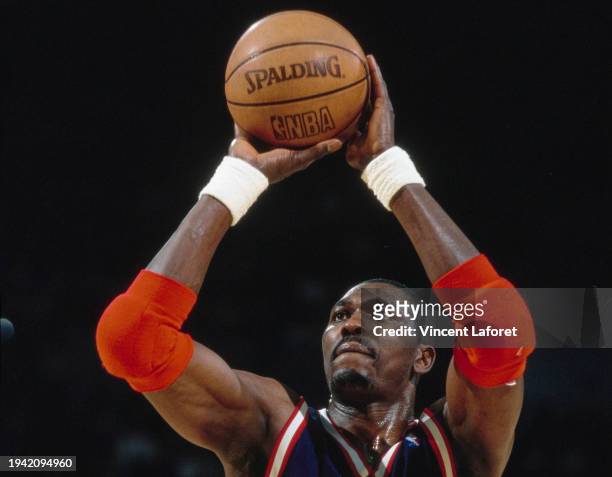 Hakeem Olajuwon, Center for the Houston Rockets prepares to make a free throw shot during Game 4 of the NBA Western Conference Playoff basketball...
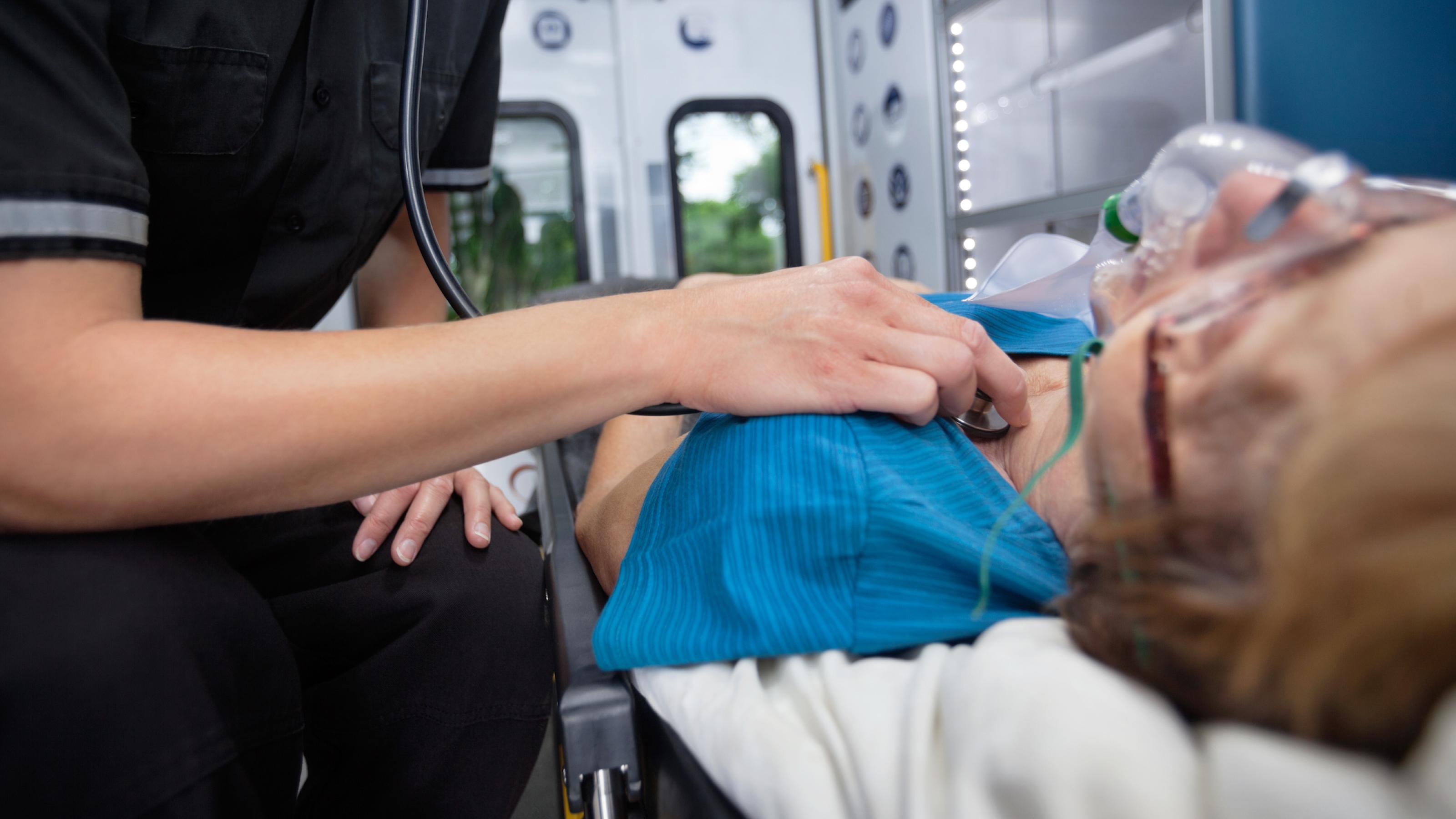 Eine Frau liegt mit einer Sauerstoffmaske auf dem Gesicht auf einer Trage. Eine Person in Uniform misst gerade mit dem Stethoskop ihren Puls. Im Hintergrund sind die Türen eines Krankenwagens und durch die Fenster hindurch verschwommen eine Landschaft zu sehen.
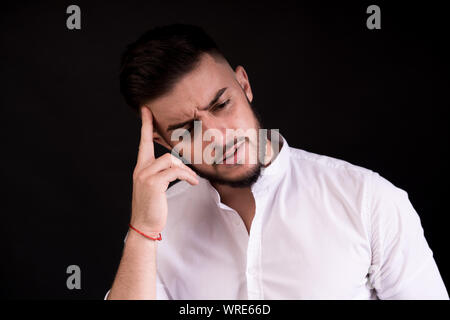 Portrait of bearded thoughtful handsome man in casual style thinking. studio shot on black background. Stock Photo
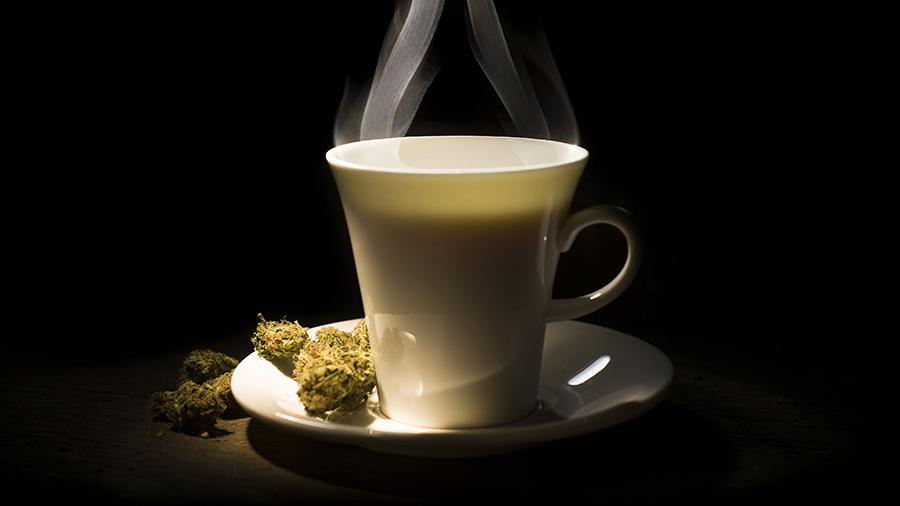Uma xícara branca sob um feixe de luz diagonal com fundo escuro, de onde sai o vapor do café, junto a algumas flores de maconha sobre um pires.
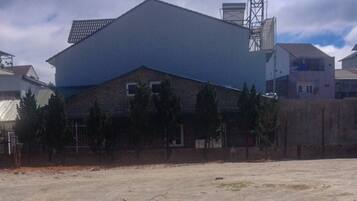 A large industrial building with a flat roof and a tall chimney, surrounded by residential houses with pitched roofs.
...
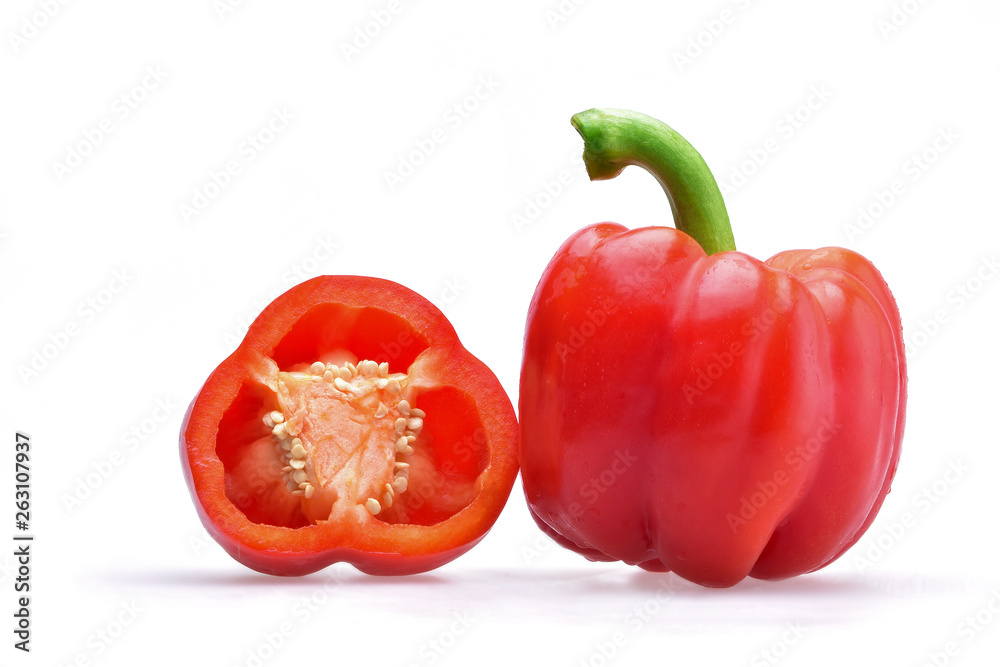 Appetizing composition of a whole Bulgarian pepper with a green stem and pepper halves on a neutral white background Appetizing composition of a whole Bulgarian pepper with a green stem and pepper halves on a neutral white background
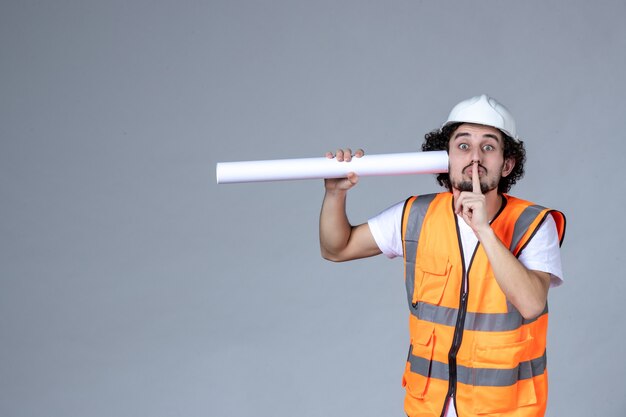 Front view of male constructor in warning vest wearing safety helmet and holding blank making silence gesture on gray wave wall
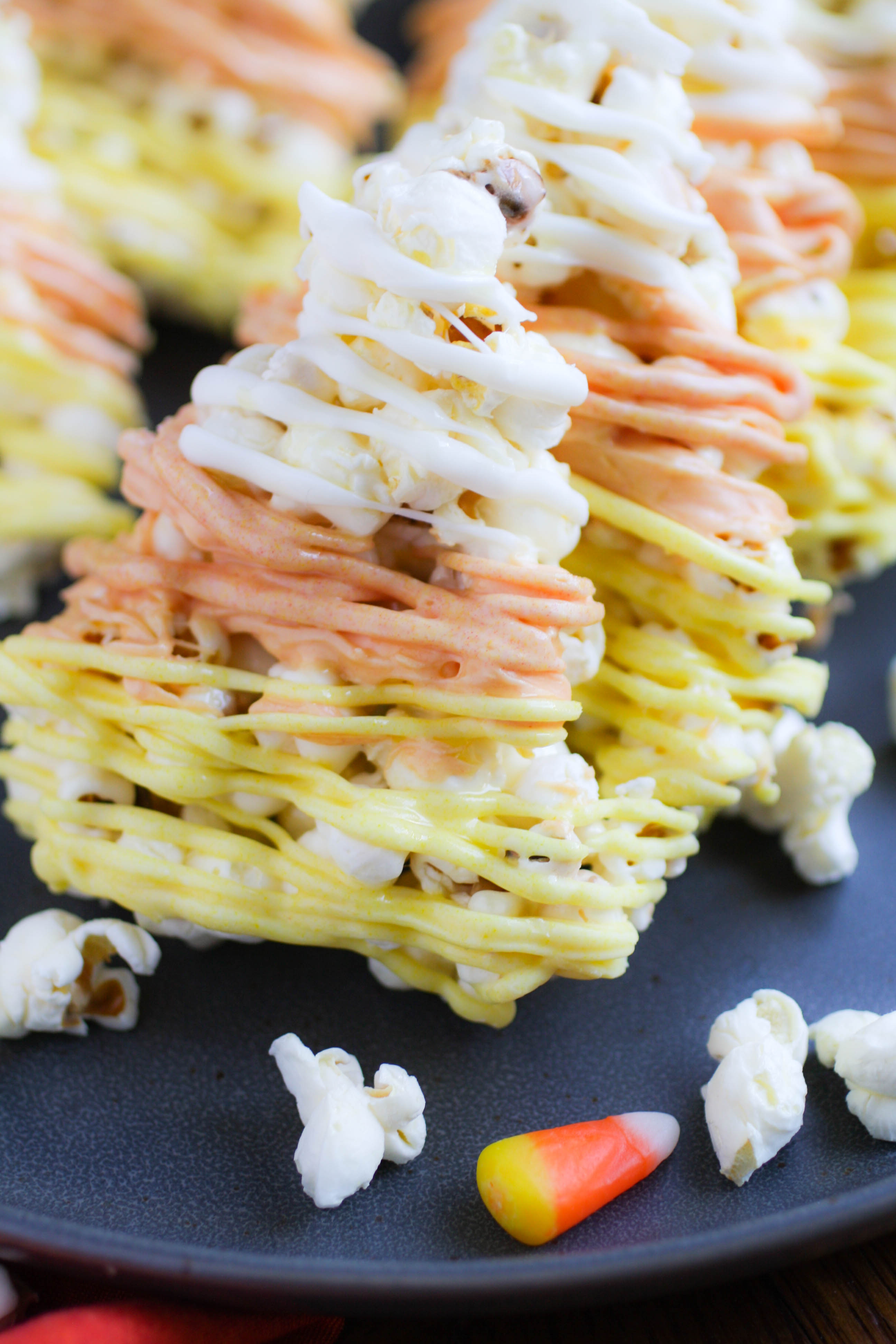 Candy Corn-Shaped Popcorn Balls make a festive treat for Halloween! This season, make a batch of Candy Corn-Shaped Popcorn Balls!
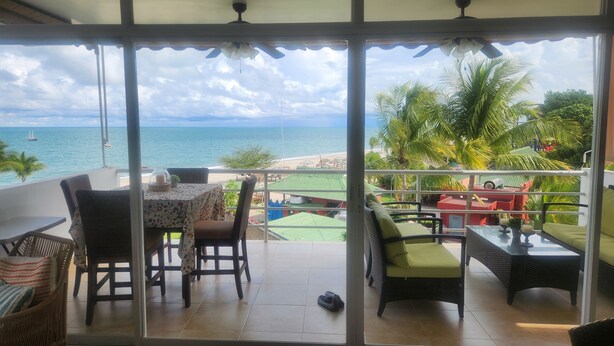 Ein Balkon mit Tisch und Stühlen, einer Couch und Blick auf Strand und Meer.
---
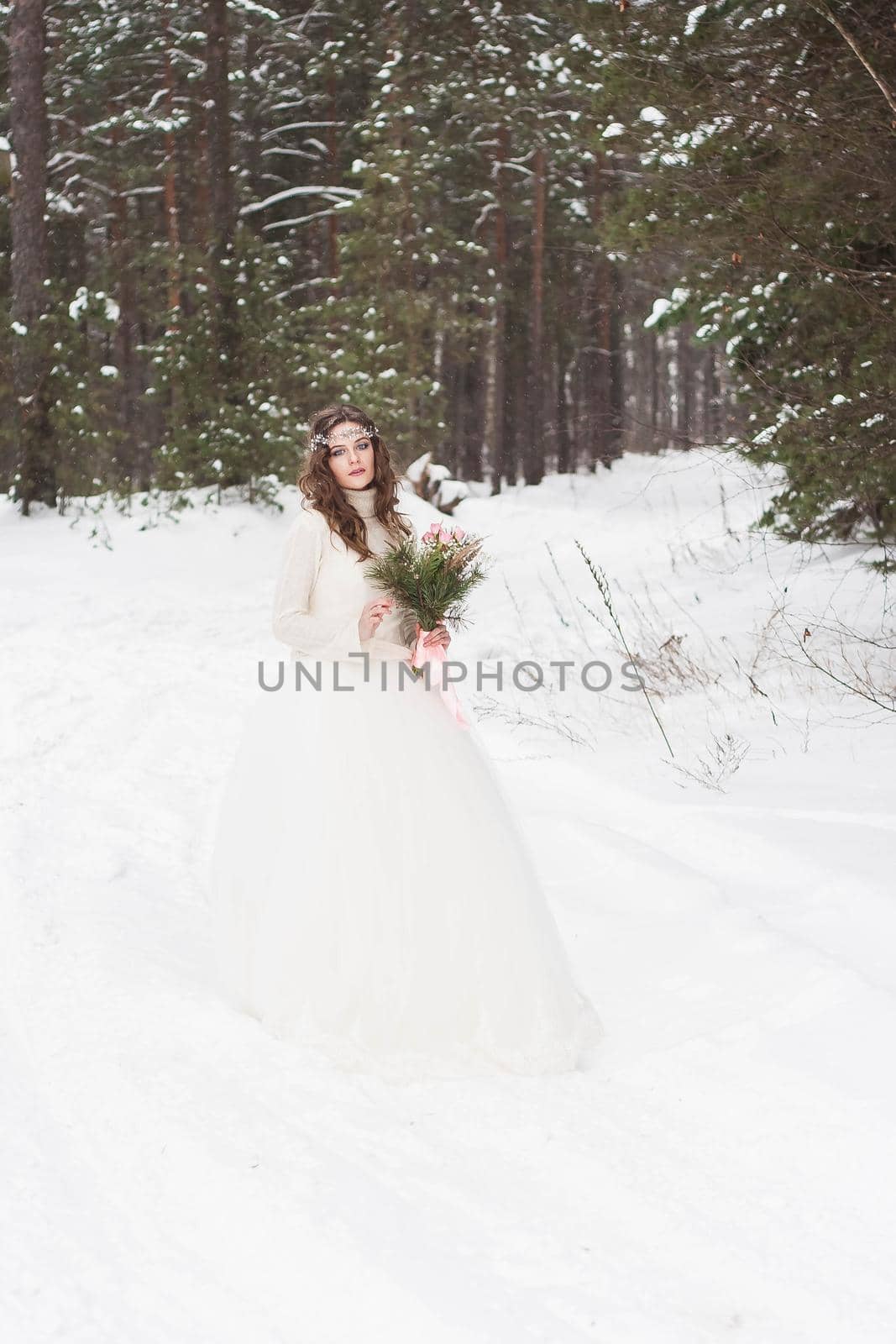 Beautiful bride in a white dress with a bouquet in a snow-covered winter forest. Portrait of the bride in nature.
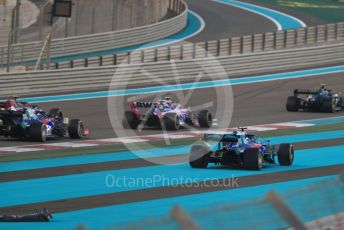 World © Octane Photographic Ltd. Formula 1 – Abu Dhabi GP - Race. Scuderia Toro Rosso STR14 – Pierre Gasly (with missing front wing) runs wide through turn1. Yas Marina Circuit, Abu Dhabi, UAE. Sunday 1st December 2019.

Exercise goal:
From the line containing "white background Appetizing" through the line containing "Ein Balkon mit", copy every line above exactly, without pictures.

Solution for this problem:
 Appetizing composition of a whole Bulgarian pepper with a green stem and pepper halves on a neutral white background Appetizing composition of a whole Bulgarian pepper with a green stem and pepper halves on a neutral white background
 Front view of male constructor in warning vest wearing safety helmet and holding blank making silence gesture on gray wave wall
 Candy Corn-Shaped Popcorn Balls make a festive treat for Halloween! This season, make a batch of Candy Corn-Shaped Popcorn Balls!
 Ein Balkon mit Tisch und Stühlen, einer Couch und Blick auf Strand und Meer.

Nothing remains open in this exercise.